A couple high-level comments. SQL Server Standard is licensed either per core or per CAL, not both, for a given install. It is unclear whether your IT staff are saying you have to license both cores and CALs (the answer is no), whether you have two separate SQL Server deployments, or some other setup.
I recommend not having public-facing services connecting to the same operational layers your internal users are creating and maintaining. Even setting IT security concerns aside, there is a practical dimension where you gauging external demand is difficult, but high external demand can impact the performance of the data sources for internal use.
Thank you for your response.
I want to emphasize that we already have SQL Server Standard set up and integrated with many of our services, including Computer Arts and Proval and the programs that multiple departments use and depend on. We already have many licenses for those that need it.

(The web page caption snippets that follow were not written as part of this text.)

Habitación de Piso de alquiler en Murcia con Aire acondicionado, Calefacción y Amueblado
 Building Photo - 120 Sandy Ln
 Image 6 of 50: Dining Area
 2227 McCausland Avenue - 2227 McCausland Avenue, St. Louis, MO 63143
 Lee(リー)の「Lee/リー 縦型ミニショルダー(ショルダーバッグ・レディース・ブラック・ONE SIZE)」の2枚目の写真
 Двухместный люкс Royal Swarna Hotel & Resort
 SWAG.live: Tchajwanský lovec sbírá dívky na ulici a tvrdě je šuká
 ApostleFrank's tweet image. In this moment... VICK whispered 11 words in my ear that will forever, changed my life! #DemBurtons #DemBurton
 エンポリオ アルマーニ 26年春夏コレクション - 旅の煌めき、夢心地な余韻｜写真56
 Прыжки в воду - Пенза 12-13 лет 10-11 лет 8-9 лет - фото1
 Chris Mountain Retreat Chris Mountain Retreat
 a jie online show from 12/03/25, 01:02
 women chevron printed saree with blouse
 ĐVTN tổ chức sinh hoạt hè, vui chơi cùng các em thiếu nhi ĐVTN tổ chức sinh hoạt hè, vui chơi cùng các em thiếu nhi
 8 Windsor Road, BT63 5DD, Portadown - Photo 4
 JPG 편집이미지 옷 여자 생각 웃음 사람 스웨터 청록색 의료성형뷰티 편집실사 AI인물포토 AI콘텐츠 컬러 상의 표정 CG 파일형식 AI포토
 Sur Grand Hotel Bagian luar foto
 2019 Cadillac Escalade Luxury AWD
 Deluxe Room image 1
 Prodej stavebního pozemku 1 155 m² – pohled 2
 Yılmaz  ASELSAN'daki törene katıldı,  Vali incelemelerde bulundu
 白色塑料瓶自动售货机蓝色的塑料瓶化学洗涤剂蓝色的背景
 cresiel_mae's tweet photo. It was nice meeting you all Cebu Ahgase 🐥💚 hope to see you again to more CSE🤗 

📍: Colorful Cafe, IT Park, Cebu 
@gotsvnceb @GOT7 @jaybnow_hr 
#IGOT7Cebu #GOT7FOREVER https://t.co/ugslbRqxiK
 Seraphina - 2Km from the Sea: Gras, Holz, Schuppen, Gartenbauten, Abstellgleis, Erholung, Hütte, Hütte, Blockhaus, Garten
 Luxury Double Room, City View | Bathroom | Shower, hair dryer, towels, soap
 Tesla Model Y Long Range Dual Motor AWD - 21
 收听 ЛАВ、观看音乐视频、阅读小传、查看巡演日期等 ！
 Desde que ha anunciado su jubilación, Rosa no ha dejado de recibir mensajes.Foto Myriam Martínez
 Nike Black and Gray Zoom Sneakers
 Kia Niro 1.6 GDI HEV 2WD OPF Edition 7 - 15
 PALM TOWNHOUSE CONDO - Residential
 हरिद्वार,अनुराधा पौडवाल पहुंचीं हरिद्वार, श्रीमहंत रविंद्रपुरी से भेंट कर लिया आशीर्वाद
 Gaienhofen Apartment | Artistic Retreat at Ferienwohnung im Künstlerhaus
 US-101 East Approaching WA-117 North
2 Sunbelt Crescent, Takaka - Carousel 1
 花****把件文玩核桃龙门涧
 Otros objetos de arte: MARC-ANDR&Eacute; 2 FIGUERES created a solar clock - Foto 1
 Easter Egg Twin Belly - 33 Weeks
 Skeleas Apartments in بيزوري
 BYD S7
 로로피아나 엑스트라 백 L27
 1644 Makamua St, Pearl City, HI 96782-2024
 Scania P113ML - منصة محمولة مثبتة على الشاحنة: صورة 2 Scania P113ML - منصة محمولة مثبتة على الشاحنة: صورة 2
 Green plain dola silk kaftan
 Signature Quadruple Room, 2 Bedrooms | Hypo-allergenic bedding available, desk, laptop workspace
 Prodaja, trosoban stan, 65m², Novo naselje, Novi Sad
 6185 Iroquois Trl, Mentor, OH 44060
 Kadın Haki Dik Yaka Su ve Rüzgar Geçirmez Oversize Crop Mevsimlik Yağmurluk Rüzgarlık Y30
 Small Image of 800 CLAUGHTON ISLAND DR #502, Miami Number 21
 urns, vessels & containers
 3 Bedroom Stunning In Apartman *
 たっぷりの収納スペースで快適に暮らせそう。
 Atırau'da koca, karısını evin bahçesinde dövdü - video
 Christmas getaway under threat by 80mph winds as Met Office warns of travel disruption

My question is very specific to how the licensing changes once you integrate ArcGIS Server Standard, Enterprise Portal into the mix - has anyone experienced charges to SQL licensing once they integrate ArcGIS Server from their SQL server? Especially when it comes to streaming data from ArcGIS Server into AGOL for public-facing maps? This is where the concern is - my IT thinks we would be charged 14,000 dollars to be able to use SQL Server Standard with ArcGIS Server and publish online maps to the public. is this true? has anyone else experienced this? There are so many organizations that are using SQL Server Standard AND publishing data to their ArcGIS Online Public maps and all I need is to know how they are doing that with SQl licensing.
As a side note, Josh, I manage all of our data, features, layers, etc. and when the staff edits or updates the data it is through a controlled map application system that lets them edit in very specific ways that I have set up. I reconcile their data with them. We are a small rural shop and only a few folks are actually editing or updating their own data at this point.
If your existing SQL Server licensing is per core, than it doesn't matter which applications or how many users are connecting to it. The only way that adding ArcGIS Server into the mix would increase your per-core licensing costs is if your existing SQL Server databases need to get additional resources (CPU, RAM, etc..) to cope with the load.
Setting the public-facing GIS services aside for a moment, depending on how many new CALs you need to support ArcGIS users internally, it may make sense for your IT shop to consider switching from CAL to core licensing.
Am I correct in thinking that you have a single server set up for ArcGIS Server/SQL Server? If so, I know you are limited to the number of users connecting to your standard license; however, you do not need a separate SQL serve license for your SDE DB. Your IT can give you a separate instance within their SQL environment for you to add your SDE DB or DB's. I have 5 SDE DB's in the same SQL server instance, that is in a centralized SQL server bank, we used one SQL server license on a separate SQL Server, to serve out all of our SQL server DB's. You do not need a separate SQL server license for each portal. Our portal user and Enterprise user hit the same SQL DB. The IT group could have separate SQL licenses for a DMZ versus internal organization SQL server environment. I hope this helps.